Nomination for offices..I was nominated for SEVERAL (Including Conchair 2010).

I declined all of them.

Partly, because I'm just not "there" anymore. I'm still trying to help friends, I'll still advise when it's needed or asked, but as far as leading that group right now? Just not there.

And, as was mentioned for my nomination for 2010, yes, I'll have my degree then (at current plans), but that's also the year if I recall correctly, that I would be GETTING the degree. :-) And, at this rate, I have no clue where I'll be..and a part of me wonders what I'll be at that point, as well. The distance between there, and here. And yes, the Universe thing comes to mind, but that's a big deal. Around 2004 and 2005 (and some of 2003), I spent an awful lot of time feeling like I HAD to stick with certain things, regarding my convention. I had been elected, and had several new ideas I wanted to see done, in some cases, for no other reason than to prove that they COULD be done if people would think outside the box, and that limited a HELL of a lot of other options. Zigs, Zags, and etc. Ultimately, it was a piece to point me toward what I'm studying, but at the time, it was an overwhelming feeling of being trapped, and with several things in process, it's not something I'm going to let happen again.

Plus, I'm not as confident as I want to be on the club again. Things may be changing, but they may just as well slide back into the age old patterns that have damn near killed it before.

I did make a few nominations. Because that is something I feel I can do to help move a few things in the direction they should go. There are voices that feel strongly for the convention/club, and the direction it should go in, and if anyone has that strong a feeling? It should be acted on. AND, if I didn't nominate someone who felt they should be in a position? Why not nominate yourself? Seriously, if you feel that strongly, go for it. :-) Though, I'll stand by and say that anyone who does? Anyone going for a position? Ponder, think about what you want to achieve with such, and why. And gather like minded individuals.
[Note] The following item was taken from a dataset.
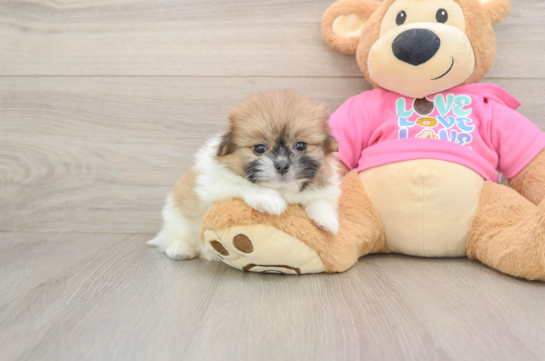Smart Shih Pom Designer Pup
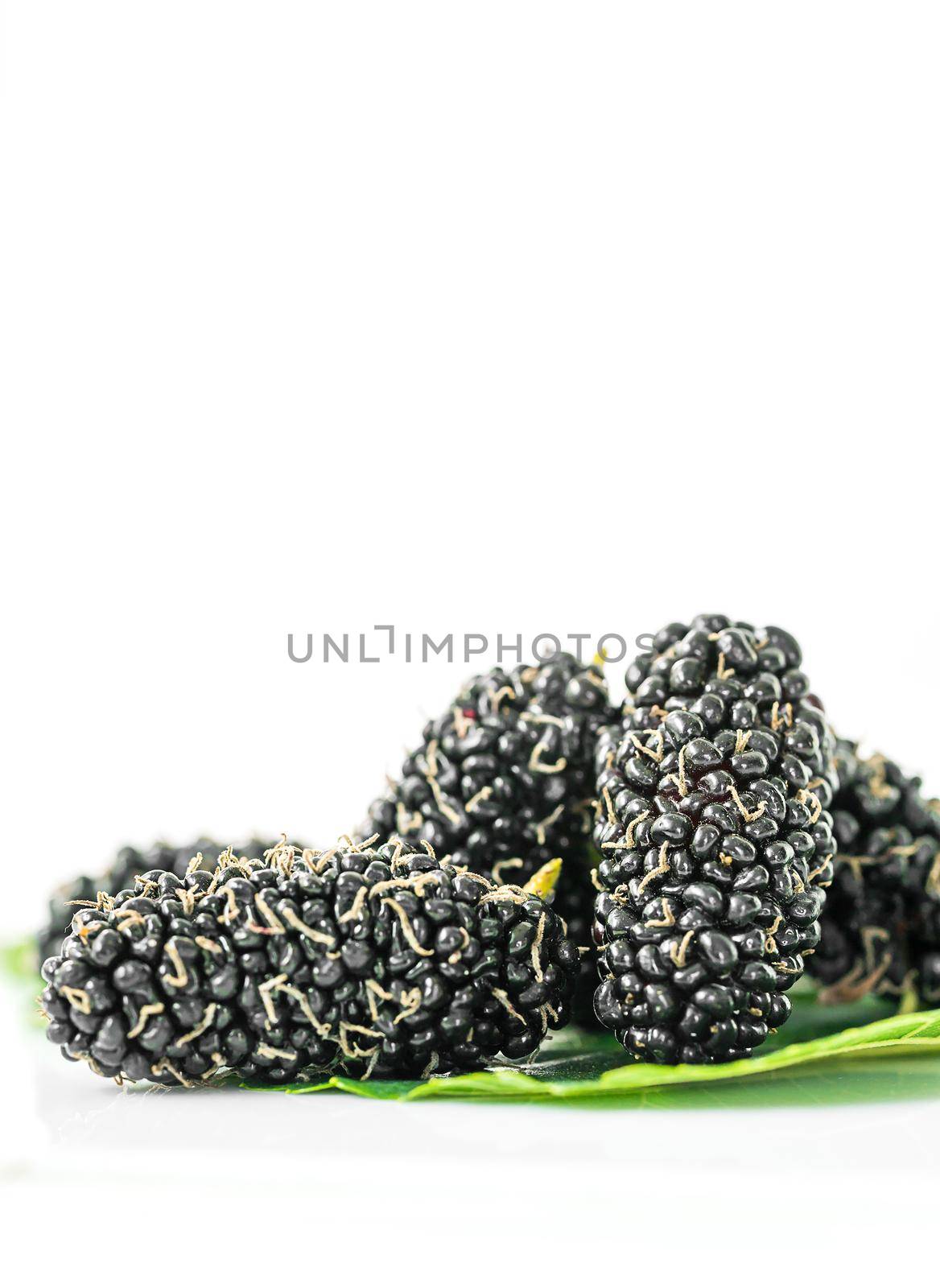 Close up mulberry with green leaf on the white background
I just know that right now, that is not the right spot for me. And I appreciate those who feel I'm a strong leader. To be honest, that's a bit more of a boost that I needed to hear, and didn't realize it, and it helped. But, I'm not THAT leader right now. 4 years ago was a different time, just as 2 years ago was a different time for leading the convention. But right now, I'm right here, with one foot moving in front of the other.

Maybe not the best approach, definitely not the worst. But, the one that's here at this moment.

Date: 2007-10-09 05:13 am (UTC)
From: [identity profile] confusedjew.livejournal.com
good thoughts all. knowing yourself and what your believe you are cable of or even what you are capable of is good thing no matter what.


not sure if i'm really one to move the club forward. i try but i guess we'll just see now won't we. :) still felt loved and glad you felt love as well.